Whatever the truth is, only the fact that many innocent people unrelated to such issues died and disappeared without any remains is crystal clear. Such attempts of the artist to deal with social events is her effort to look properly into the system she is put in, in the process of seeking her own identity. Only through such works, she will be able to understand the society clearly and simultaneously she will comprehend and assess the critical points on women’s views/perspectives.

However, why has she decided to relieve a story now that is over 20 years old? 243.0 MHz (2011) deals with and centers on the radio communication between then ex-Soviet Union fighter plane pilot Gennady Osipovich and Commander of Soviet Union’s Air Force Kournokov at the time of the 1983 KAL 007 attack. The contents of the radio, the main event comes out after popular songs are heard, as if one is tuning into the radio, places the circumstances of then dialogue into the present times. Sanghee songhas already proceeded to combine myths or stories of the past into the present times into her works such as Abandoned Egg (2003).
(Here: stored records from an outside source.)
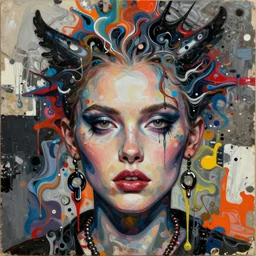 you are a beautiful prey for your sins detailed mixed media collage, assemblage, conteporary art, punk art, single realistic face, photorealism, expressionism, masterpiece, perfect composition, spectacular quality, intricate flowing paint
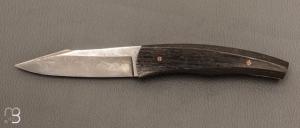    Couteau " Pice unique " par Alain & Joris Chomilier - Damas carbone de Baker Forge et morta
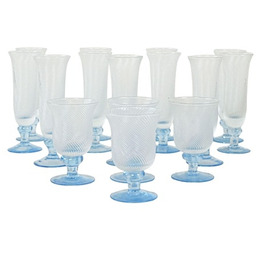 Pakamera Komplet kieliszków szklanych, włoski design, lata 70,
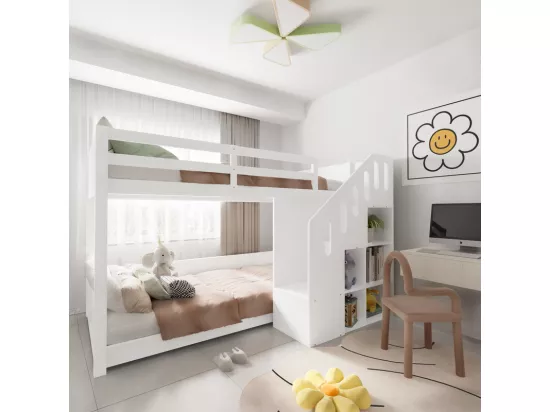 Lit superposé pour enfant - 2x90x200 cm - avec casier d'escalier et garde-corps - Blanc (sans matelas)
Such reallocation of historical events and past stories represent the artist’s belief that such events repeat itself and exist now in different forms. As Freud has said, forgotten history repeats itself, and present is again another type of past’s repetition.

As it has happened over half a century ago, or even 20 years ago, because of aggression, war and religion, many souls are disappearing mutely somewhere even now in present times. In 1983, the only remains that then Soviet Russia has returned to Korea (Japan and American Coalition of the family of the deceased) were frozen shoes of those passengers. Sanghee songthought that maybe those passengers were floating around the Pacific Ocean somewhere even then. Those shoes that make an appearance floating amidst the black sea in Sanghee Song’s work Shoes (2010) almost appear to be calm and beautiful regardless of its origins or forms. As Gayatri Spivak has questioned, “Can the subaltern speak?” those shoes are mute in sight. However, like those shoes that may be floating around somewhere, artist Sanghee Song grants silent voices to those mute, floating subalterns.